Potete immaginare il risultato… Gli interventi sono caratterizzati da un’elevata qualità architettonica, riqualificazione urbanistica/sociale e alte prestazioni energetiche, il tutto ottenuto addirittura ad un costo inferiore alla media italiana!

L’immagine qui riportata mostra uno degli edifici studiati: la “Crystal Box” realizzata a Parigi da Atelier du Pont. Ho scelto questo esempio in particolare perché non solo si parla di altissima qualità architettonica ed efficienza energetica, ma anche di riqualificazione e densificazione all’interno della città.

L’edificio esaminato non rispetta molte delle norme igieniche italiane: le stanze hanno dimensioni inferiori, i bagni non sono finestrati, la superficie aeroilluminante (a dimensione delle finestre) non sempre rispetta i requisiti italiani e le scale stesse non sono a norma. Eppure come potete vedere dalle foto la qualità architettonica è elevata e permette di riqualificare uno spazio urbano già dotato di tutti i servizi fondamentali.

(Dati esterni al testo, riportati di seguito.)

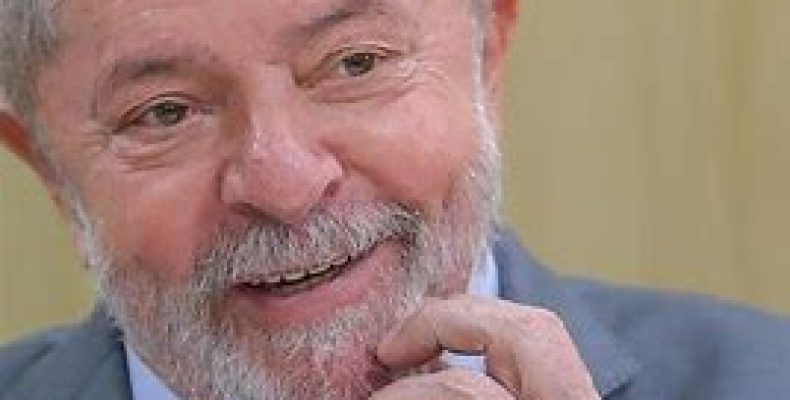 Lula vence Bolsonaro em todos os cenários, aponta pesquisa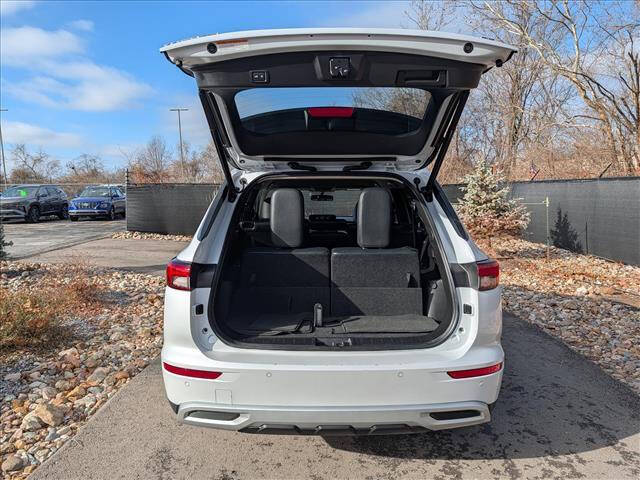 2024 Mitsubishi Outlander SE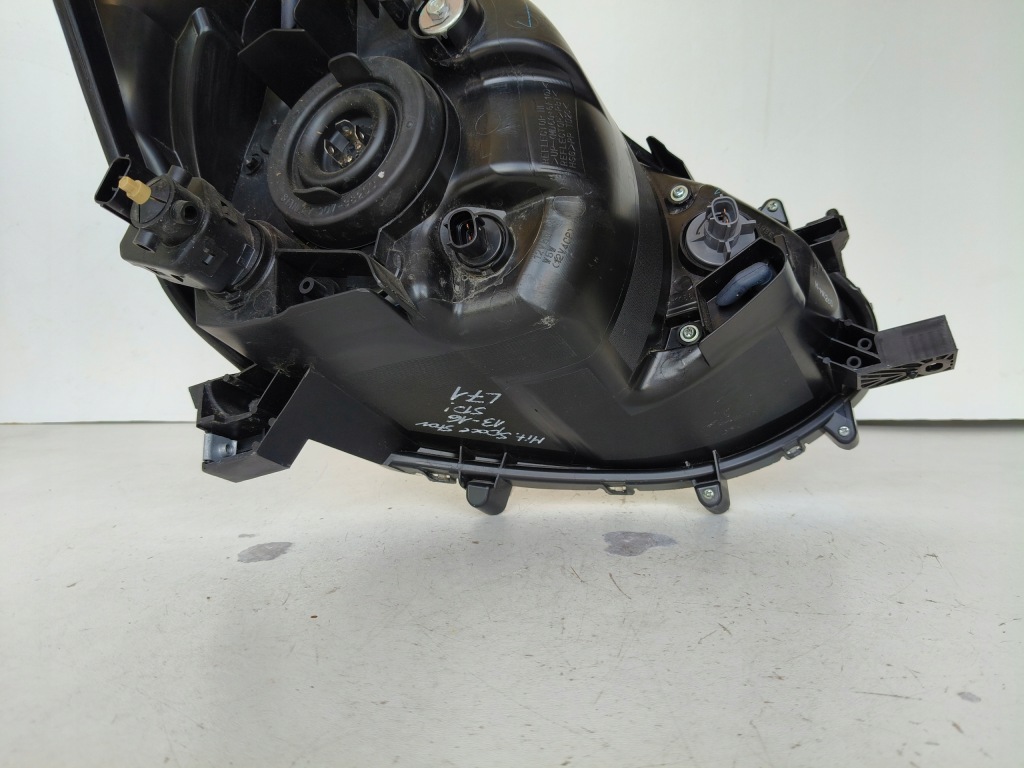 Купити Лампа ліва фара mitsubishi space star 13-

Più forma meno bonus! Perché la forma fa la differenza

Nel dossier si stima che apportando modifiche alla sola normativa igienico-sanitaria italiana (altezza minima dei locali, superficie minima delle stanze, bagno principale cieco, etc…), portandoci così in linea con le norme degli altri paesi europei, si ottiene una riduzione del fabbisogno energetico pro-capite del 25% e senza nessun investimento economico!

Grazie a una maggiore libertà, inoltre, il progettista potrà finalmente utilizzare le soluzioni più profondamente efficienti per ogni situazione. Il controllo oggettivo sulla qualità della progettazione verrebbe effettuato solo attraverso la rispondenza a determinati parametri prestazionali. Ad esempio calcolando il consumo energetico o la quantità di illuminazione naturale piuttosto che imporre dimensione obbligatorie delle aperture.

Questa si chiama “normazione prestazionale”.

Questo approccio, secondo me, è ciò che un po’ tutti vorremmo… Essere giudicati per i nostri risultati e non essere obbligati a seguire imposizioni prive di senso.